Contrastive Concept Saliency relies on manual base prompts, which is difficult for abstract concepts like "violence" or "racial stereotypes."
Neuron pruning is a non-learnable binary decision; reactivation risks via adversarial prompts or textual inversion still exist and were not strictly compared against adversarial robust methods like Stereo.
Future work: Use gated masks instead of hard 0/1, extend contrastive saliency beyond cross-attention to self-attention/MLP, and automate the concept-agnostic ratio \(\alpha\).

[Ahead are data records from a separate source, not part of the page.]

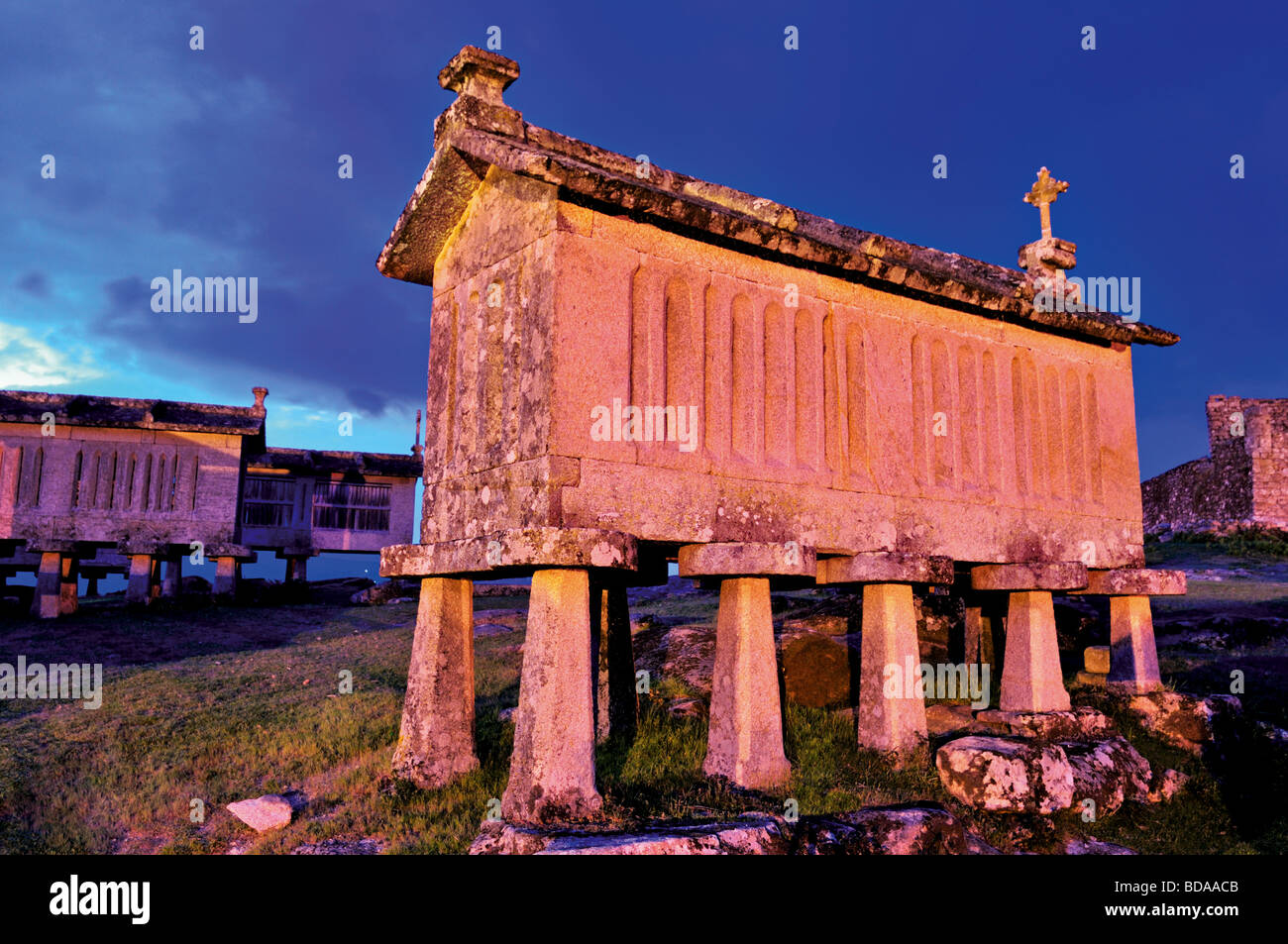 Portugal, Minho: Nocturnal view of traditional corn storehouses in Lindoso Stock Photo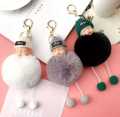 Cute Sleeping Baby Doll Pom Pom Keychain. 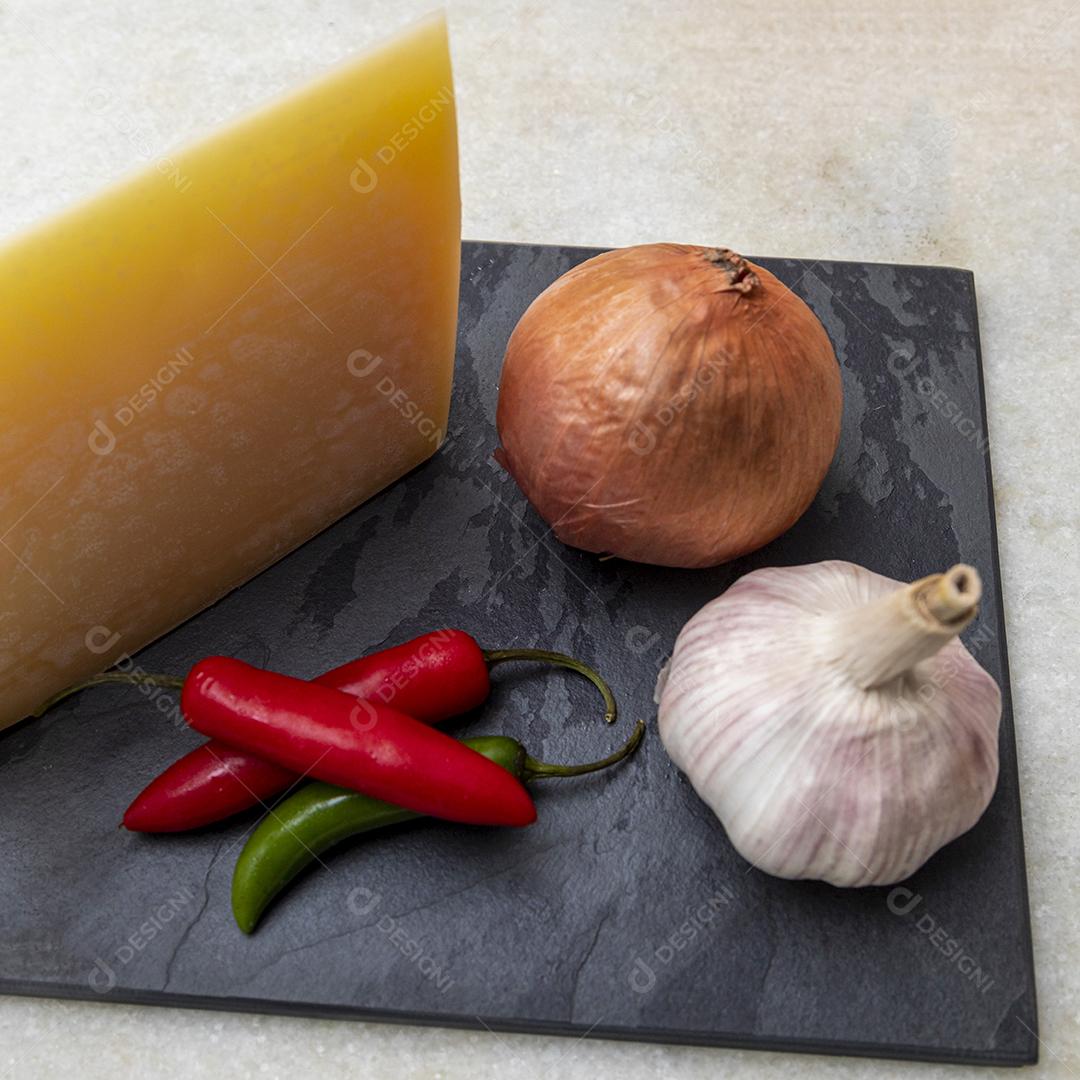 Queijo parmesão no tabuleiro de pedra preta com especiarias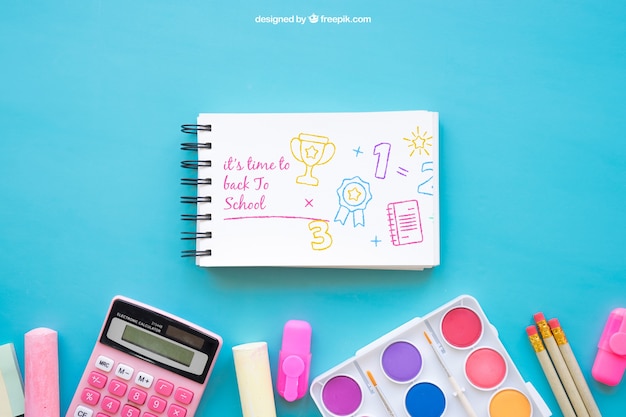 Back to school mockup with notepad and chalk PSD Template
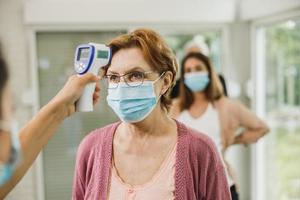 anziano donna avendo sua temperatura verificato prima covid-19 vaccino foto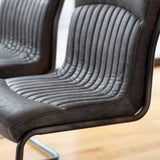 Capriccio Leather Dining Chair Antique Ebony with Black Legs - Maison Rêves UK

vs ConceptPrune (CP): Both use training-free pruning, but CP lacks robust multi-concept logic. FIA improves forget acc from 7.34 to 1.9 and CLIP from 27.93 to 29.56 by refining fusion and saliency.
vs MACE / SPM (LoRA Unlearning): FIA outperforms these in deployment cost and efficacy by avoiding per-concept adapters and cumulative errors from closed-form editing.
vs UCE / SPEED / ScaPre (Closed-form Weight Editing): These modify weights and can degrade quality; FIA only zeros out few neurons, preserving generation quality better.
vs SalUn (Gradient Saliency Fine-tuning): FIA approximates neuron contribution via forward activation contrast, avoiding time-consuming and unstable backpropagation.
Insight: Explicitly cargo-fencing "concept-agnostic" neurons could serve as "general capability guardrails" in LLM safety fine-tuning, preventing capability regression during alignment or unlearning.

Rating¶

Novelty: ⭐⭐⭐⭐ reframing unlearning as a "concept-agnostic" sparsity problem is refreshing and applicable to LLMs.
Experimental Thoroughness: ⭐⭐⭐⭐⭐ three tasks, multiple baselines, SDXL generalization, and extensive ablations.
Writing Quality: ⭐⭐⭐⭐ clear pipeline, self-consistent formulas, and intuitive diagrams.
Value: ⭐⭐⭐⭐⭐ training-free, low-sparsity, and plug-and-play; a practical baseline for T2I model compliance.